И вот третьего дня, то есть в первый день Нового года, приезжает с поздравлениями расфранченный Михал Михалыч. «С Новым годом, — говорит, — вас, с новым счастьем!» А сам такой веселый, радостный, оживленный, смеется, как-то потирает руки. «Что это сегодня с вами такое, Михал Михалыч? — спрашиваю. — Вы на себя не похожи нынче, что такое случилось радостное?» А он: «Со мной ничего не случилось, Олимпиада Петровна, а радуюсь я не за себя, а за вас, моих добрых друзей». — «Чему же вы радуетесь?» — «А тому, что я имею сегодня возможность щедро отблагодарить вас и за приют, и за ласку, и за всё то, что я видел хорошего от вас. Да, кстати, и сам смогу тысчонок пять заработать». — «Что вы такое говорите, и в толк не возьму», — а про себя думаю: нализался где-нибудь с новогодними визитами, не иначе! «Я сейчас вам всё объясню, — говорит, — всё по порядку. Сегодня утром я рано проснулся и сейчас же болезненно вспомнил о письме, полученном накануне из Ниццы от моей желанной Наташеньки — вы ведь помните, я вам говорил уже, что она с родителями на Рождество уехала туда и предполагает пробыть там весь январь и февраль. Охота ей цветами пошвыряться. Письмо она написала мне хорошее, теплое, и в нем даже говорится: “Ах, Мишель, если бы вы только были здесь!” Ну а мне куда же, как туда поедешь без денег. Вы знаете, Олимпиада Петровна, я человек глубоко набожный, а и то сегодня утром возроптал на Бога. Посидел в раздумии часок-другой да и направился на Неву к Спасителю. Горячо я там молился, прося чуда. И на душе стало как-то легче, и, представьте, чудо как будто бы совершилось. Но прежде чем продолжать свой рассказ, я должен спросить вас, — и тут Михал Михалыч торжественно встал. — Я ничего не прошу у вас Олимпиада Петровна, но делаю вам деловое серьезное предложение: согласитесь ли вы дать мне пять тысяч рублей, при условии если я укажу вам возможность получить не позднее завтрашнего дня несколько сот тысяч рублей?» — и он пристально на меня посмотрел. Неужели, думаю, спятил с ума? И с чего бы это, казалось? Молодой человек был всегда такой рассудительный, скромный, а эдакое несет! Гляжу на Ивановну, а старушка Божья даже в лице изменилась.

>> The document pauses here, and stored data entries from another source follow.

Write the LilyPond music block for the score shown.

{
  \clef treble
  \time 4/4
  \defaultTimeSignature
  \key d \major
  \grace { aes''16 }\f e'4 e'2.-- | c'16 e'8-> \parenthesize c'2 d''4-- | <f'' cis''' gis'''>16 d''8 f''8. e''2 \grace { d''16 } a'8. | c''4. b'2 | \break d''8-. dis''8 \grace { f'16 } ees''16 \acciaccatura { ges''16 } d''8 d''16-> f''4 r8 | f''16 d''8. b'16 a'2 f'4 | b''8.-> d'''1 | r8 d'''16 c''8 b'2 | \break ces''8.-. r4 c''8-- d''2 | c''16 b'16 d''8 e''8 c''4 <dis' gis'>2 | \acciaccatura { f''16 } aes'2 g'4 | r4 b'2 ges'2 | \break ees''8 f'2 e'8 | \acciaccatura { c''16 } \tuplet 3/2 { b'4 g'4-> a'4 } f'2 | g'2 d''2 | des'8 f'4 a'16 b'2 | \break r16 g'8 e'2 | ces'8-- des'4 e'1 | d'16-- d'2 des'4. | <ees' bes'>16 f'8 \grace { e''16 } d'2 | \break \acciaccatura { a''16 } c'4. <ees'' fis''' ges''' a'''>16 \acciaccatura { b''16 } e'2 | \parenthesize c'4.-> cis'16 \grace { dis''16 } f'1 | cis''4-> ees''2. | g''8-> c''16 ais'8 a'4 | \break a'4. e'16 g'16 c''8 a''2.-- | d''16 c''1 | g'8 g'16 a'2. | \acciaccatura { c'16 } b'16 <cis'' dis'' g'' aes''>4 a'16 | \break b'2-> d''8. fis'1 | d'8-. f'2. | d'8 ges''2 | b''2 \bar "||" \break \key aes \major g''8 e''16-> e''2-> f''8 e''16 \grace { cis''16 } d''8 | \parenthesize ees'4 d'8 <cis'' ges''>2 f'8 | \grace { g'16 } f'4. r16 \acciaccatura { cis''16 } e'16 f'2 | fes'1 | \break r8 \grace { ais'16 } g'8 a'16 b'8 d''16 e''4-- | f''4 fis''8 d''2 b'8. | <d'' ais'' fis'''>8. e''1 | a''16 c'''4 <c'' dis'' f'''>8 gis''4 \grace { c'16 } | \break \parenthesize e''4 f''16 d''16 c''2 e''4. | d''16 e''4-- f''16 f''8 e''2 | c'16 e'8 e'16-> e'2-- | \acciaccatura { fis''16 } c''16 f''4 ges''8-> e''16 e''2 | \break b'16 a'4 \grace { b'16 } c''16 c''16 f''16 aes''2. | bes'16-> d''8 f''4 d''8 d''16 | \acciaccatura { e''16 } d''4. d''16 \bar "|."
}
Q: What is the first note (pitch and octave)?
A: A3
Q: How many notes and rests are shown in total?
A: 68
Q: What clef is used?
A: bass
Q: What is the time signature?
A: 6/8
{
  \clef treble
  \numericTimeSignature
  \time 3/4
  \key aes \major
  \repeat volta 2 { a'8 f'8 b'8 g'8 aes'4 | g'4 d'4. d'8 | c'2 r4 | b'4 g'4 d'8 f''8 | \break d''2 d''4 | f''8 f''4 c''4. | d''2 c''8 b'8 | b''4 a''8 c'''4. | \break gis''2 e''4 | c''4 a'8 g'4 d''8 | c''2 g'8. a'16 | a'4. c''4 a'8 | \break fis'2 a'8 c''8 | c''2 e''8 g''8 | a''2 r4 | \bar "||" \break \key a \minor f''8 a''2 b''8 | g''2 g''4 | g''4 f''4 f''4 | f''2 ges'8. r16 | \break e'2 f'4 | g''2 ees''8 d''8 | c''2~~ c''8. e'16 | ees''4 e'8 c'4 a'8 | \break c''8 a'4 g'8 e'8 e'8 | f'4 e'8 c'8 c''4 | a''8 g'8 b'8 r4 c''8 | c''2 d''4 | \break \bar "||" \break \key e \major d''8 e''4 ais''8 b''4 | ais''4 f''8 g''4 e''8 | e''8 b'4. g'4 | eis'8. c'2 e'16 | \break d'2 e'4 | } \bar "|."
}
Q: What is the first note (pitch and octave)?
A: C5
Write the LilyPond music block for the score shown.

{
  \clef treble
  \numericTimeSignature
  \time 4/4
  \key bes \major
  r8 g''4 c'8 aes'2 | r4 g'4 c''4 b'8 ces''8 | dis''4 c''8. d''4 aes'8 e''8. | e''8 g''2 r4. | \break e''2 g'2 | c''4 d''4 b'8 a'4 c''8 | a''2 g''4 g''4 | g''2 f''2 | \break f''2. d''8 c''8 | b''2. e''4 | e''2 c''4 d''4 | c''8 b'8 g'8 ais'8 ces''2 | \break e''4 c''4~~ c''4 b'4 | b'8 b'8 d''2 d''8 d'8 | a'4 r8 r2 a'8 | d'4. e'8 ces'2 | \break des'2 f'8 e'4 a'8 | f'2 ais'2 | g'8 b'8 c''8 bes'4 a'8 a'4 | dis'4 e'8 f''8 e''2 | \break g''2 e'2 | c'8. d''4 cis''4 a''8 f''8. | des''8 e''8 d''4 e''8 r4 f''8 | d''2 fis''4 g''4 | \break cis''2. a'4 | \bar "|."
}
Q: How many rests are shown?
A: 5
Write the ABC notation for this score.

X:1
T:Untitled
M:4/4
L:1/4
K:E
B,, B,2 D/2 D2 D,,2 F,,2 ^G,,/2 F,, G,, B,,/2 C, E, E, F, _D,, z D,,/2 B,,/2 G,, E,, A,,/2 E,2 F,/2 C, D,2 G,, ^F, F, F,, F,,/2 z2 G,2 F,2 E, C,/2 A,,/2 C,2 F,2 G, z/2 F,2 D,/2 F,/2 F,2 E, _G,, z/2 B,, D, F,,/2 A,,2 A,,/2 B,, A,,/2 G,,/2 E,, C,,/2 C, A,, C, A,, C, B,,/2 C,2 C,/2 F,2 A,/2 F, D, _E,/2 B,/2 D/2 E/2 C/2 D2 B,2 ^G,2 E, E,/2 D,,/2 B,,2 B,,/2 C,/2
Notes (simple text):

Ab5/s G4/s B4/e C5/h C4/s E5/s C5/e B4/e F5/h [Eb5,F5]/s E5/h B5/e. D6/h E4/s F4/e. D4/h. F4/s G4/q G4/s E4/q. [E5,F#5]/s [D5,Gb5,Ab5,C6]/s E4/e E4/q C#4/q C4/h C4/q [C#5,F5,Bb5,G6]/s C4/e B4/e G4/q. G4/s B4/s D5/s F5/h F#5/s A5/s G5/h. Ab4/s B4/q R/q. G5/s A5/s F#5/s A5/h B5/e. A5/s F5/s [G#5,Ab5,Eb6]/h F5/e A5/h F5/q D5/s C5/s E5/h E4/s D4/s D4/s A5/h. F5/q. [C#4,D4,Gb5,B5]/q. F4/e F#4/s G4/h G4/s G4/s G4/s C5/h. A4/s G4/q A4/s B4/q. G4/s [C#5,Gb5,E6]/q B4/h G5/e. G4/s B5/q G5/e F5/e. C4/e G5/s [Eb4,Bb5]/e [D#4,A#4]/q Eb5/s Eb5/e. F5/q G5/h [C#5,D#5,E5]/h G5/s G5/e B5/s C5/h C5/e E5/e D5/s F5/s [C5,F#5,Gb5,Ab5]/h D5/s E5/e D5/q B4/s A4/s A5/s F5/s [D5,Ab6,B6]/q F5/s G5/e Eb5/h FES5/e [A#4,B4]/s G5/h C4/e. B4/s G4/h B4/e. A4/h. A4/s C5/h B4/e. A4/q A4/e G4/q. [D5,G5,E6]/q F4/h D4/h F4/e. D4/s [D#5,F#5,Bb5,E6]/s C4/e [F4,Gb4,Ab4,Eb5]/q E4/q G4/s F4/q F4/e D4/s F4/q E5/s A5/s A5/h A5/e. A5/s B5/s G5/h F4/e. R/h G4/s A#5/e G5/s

— Итак, Олимпиада Петровна, я жду вашего ответа.
Помолчав, я сказала:
— Сегодня у нас первое января, а не первое апреля, Михал Михалыч, и ваши обманные шутки не по святцам пришлись.
— Я не думаю шутить, говорю самым серьезным образом. Сегодня мне пять тысяч, и завтра у вас чуть ли не четверть миллиона в кармане.
Я растерянно продолжала:
— Вы знаете, что по смерти моего супруга я никакими делами и аферами не занимаюсь, а потому и приобрести таких денег никак завтра не могу.
— Повторяю вам, Олимпиада Петровна, что никаких афер я вам не предлагаю, вам придется лишь завтра сесть на извозчика, отправиться в банк, немедленно получить деньги и положить их на свое имя.
Поколебленная, я снова взглянула на Ивановну. Она робко вымолвила: «Пускай расскажут, в чем дело, выслушать нетрудно, а там сами увидите, как поступить».
— Ну, что ж, Ивановна права, — сказала я, — говорите толком, в чем дело.
— Хорошо, — отвечает, — рассказать я готов, но поклянитесь мне вот на эту икону жизнью своей, что если вы убедитесь в правильности моих слов, то немедленно же дадите мне просимые пять тысяч и не обманете меня, словом, не пойдете на попятный.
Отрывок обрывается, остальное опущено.